Retype each of the records below exactly, leaving the pictures out.

[Dataset entries]
......

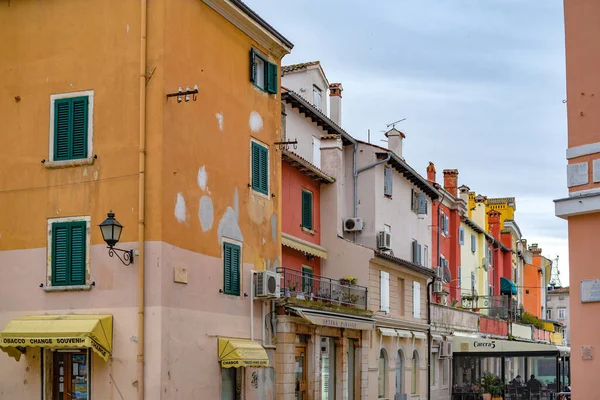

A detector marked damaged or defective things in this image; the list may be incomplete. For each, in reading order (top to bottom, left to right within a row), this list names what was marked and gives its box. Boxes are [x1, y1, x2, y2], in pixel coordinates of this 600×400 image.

peeling paint [217, 206, 243, 244]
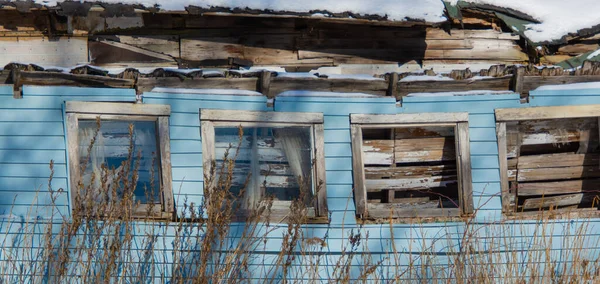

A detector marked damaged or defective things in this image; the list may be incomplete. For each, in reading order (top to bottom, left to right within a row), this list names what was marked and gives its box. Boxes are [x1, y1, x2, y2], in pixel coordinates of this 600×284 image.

broken window [66, 101, 173, 219]
broken window [200, 109, 328, 220]
broken window [352, 113, 474, 220]
broken window [500, 105, 600, 216]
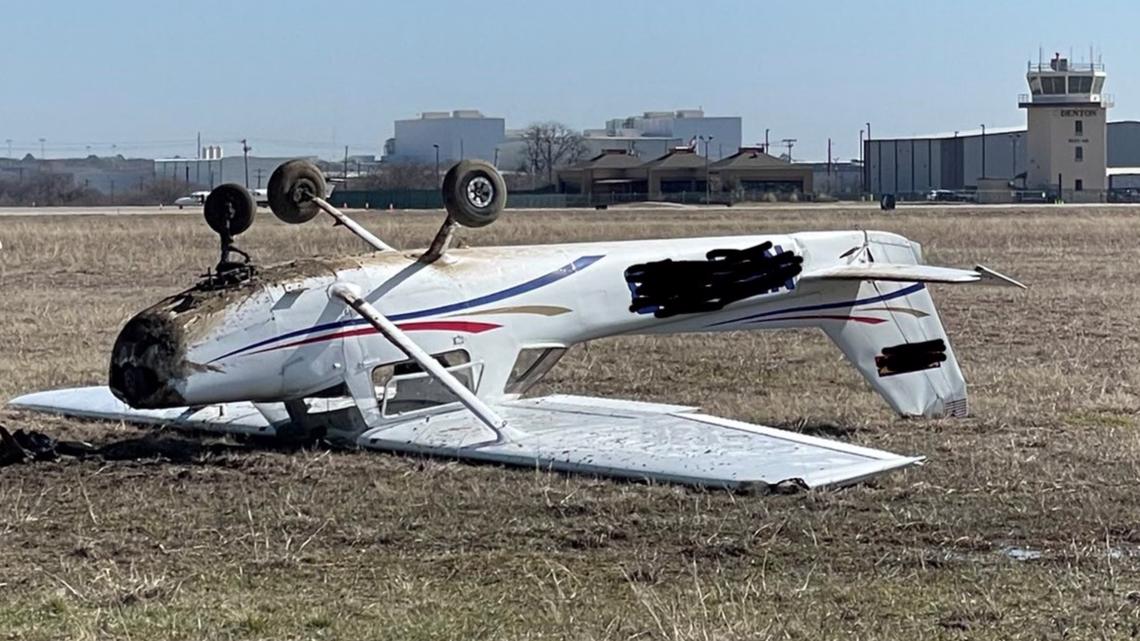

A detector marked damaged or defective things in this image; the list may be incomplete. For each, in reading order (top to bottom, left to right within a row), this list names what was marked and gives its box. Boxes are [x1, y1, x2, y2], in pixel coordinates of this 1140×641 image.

damaged wing [4, 388, 920, 488]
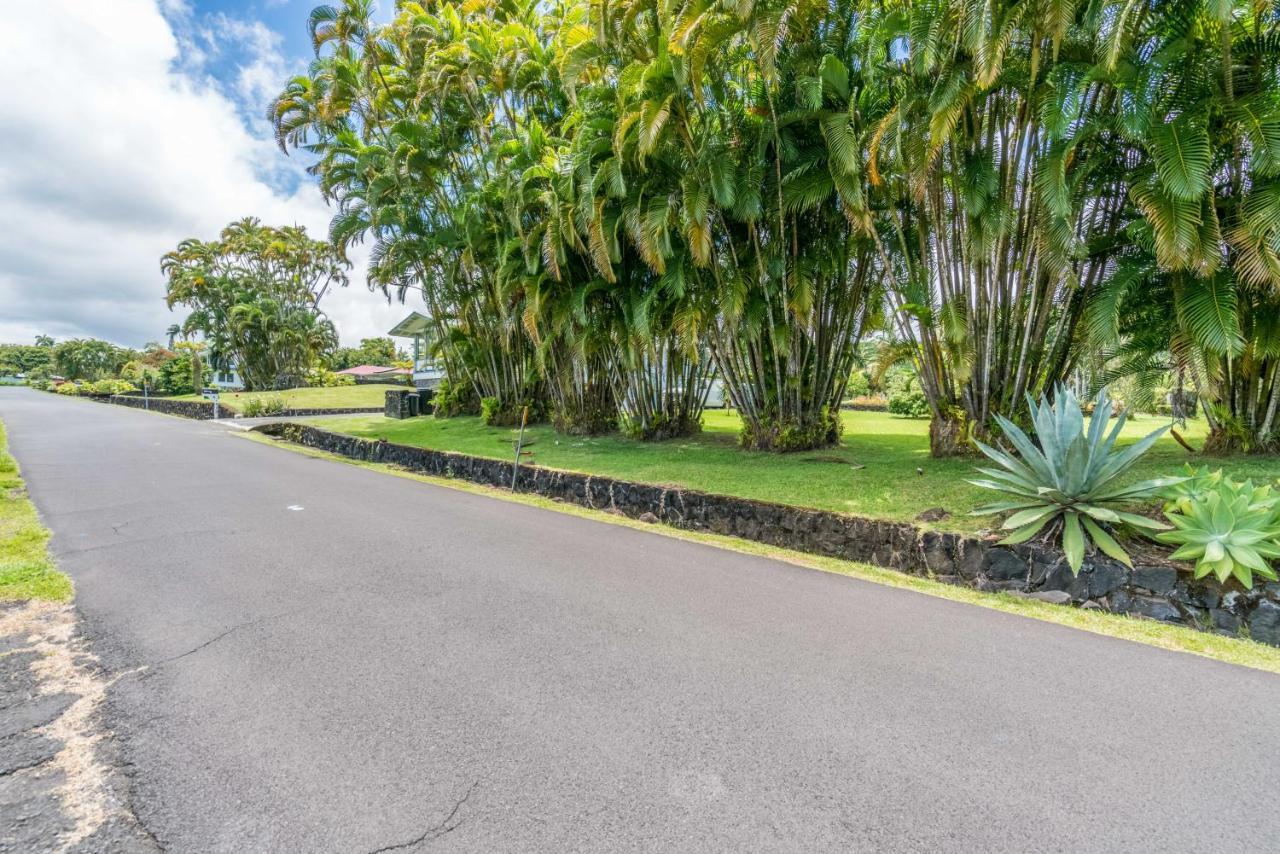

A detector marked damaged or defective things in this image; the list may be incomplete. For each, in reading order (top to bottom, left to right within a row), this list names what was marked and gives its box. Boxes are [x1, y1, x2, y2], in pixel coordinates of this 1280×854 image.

road surface crack [368, 783, 481, 854]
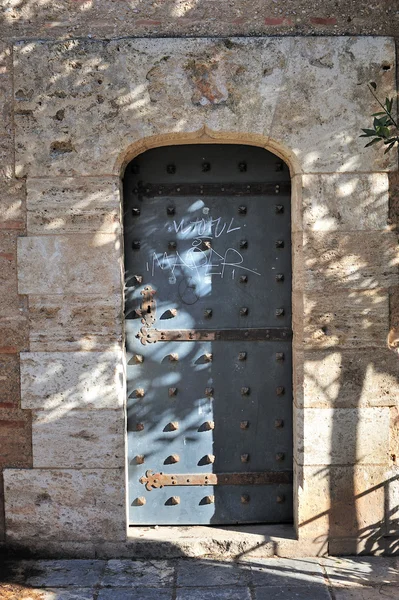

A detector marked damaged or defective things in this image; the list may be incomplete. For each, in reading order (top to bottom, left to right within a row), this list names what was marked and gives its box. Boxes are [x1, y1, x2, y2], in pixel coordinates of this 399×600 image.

rusty hinge [136, 326, 292, 344]
rusty hinge [140, 472, 294, 490]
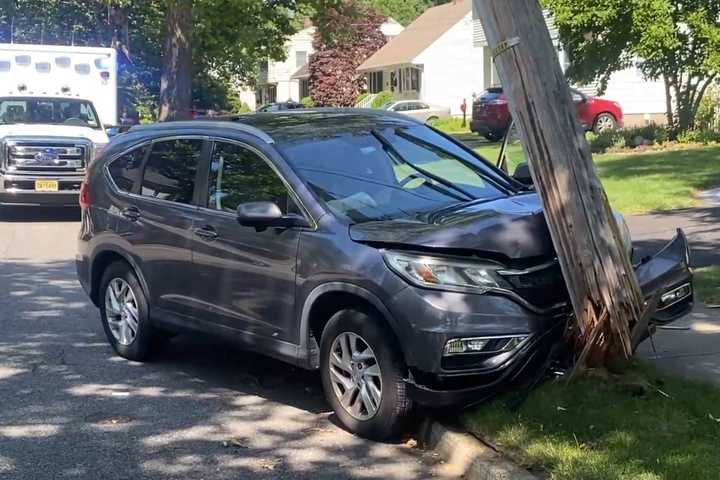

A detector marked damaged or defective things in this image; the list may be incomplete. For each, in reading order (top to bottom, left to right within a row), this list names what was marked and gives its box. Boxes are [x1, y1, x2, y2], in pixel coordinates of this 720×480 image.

crumpled hood [0, 123, 108, 143]
crashed suv [76, 110, 696, 440]
crumpled hood [352, 192, 556, 258]
damaged front bumper [404, 228, 692, 404]
splintered utility pole [476, 0, 648, 368]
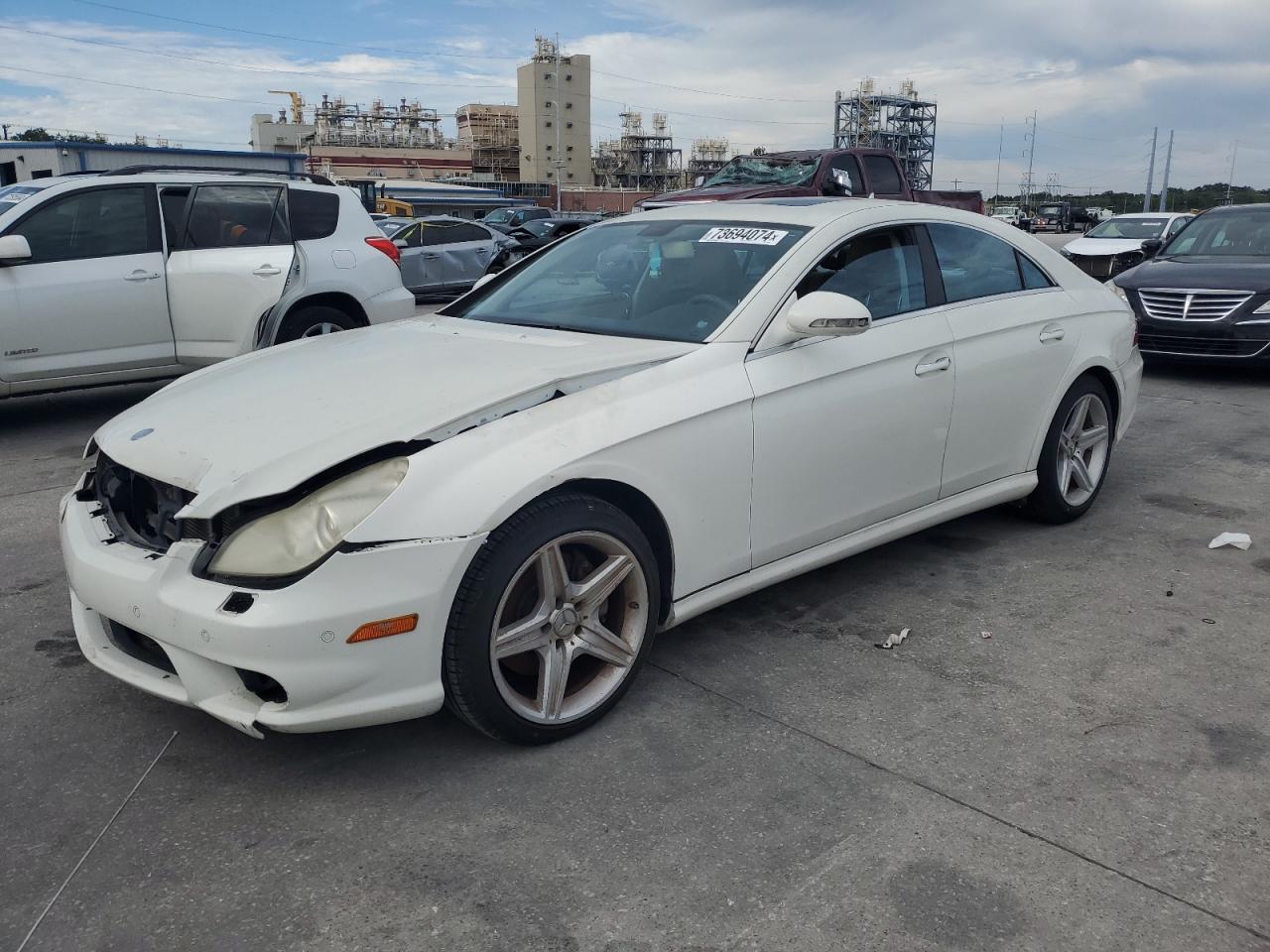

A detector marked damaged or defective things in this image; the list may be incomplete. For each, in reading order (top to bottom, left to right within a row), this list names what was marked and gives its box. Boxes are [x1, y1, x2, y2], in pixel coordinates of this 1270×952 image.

......

→ OUTPUT FOR THIS TASK
A detector marked damaged or defective things in this image; the list may be incomplete. For each, in reading order (top to bottom, left to right within a row), this list names what was marked and gives its box. Boxes are [x1, y1, x2, y2], in pixel coordinates of this 600×400 image.

peeling paint [217, 206, 243, 244]

A detector marked damaged or defective things in this image; the list may be incomplete. For each, in reading order (top to bottom, left to right within a row), this list names what was marked and gives its box. Boxes are [x1, y1, x2, y2], in pixel coordinates of this 600×284 image.

broken window [66, 101, 173, 219]
broken window [200, 109, 328, 220]
broken window [352, 113, 474, 220]
broken window [500, 105, 600, 216]

A detector marked damaged or defective things in this image; the list may be incomplete. For each, in reading order (top to bottom, left to right within a row), this list names what was marked and gives its box. Boxes are [x1, y1, x2, y2], in pixel coordinates of this 1140×641 image.

damaged wing [4, 388, 920, 488]

A detector marked damaged or defective things in this image; the list may be incomplete. For each, in reading order (top to bottom, left to right within a row), this list names what was marked and gives its box. Boxes are [x1, y1, x2, y2], in pixel coordinates of this 1280×854 image.

road surface crack [368, 783, 481, 854]

A detector marked damaged or defective things in this image; the list may be incomplete. For each, in reading order (top to bottom, left to right within a row), this list names what was marked and gives its box. Boxes are [x1, y1, x2, y2], in pixel coordinates of this 399×600 image.

rusty hinge [136, 326, 292, 344]
rusty hinge [140, 472, 294, 490]

A detector marked damaged or defective things in this image; the list may be incomplete. For each, in reading order (top to bottom, left to right within a row), this list names what was marked and gives its box. Boxes are [x1, y1, x2, y2], in pixel coordinates of this 720×480 image.

crumpled hood [0, 123, 108, 143]
crashed suv [76, 110, 696, 440]
crumpled hood [352, 192, 556, 258]
damaged front bumper [404, 228, 692, 404]
splintered utility pole [476, 0, 648, 368]

A detector marked damaged or defective things in this image; the list may be incomplete. For each, in reading order (top to bottom, left to right within a row), this list names what was marked and gives its box. Boxes are [x1, y1, x2, y2], in pixel coordinates of this 1270×952 image.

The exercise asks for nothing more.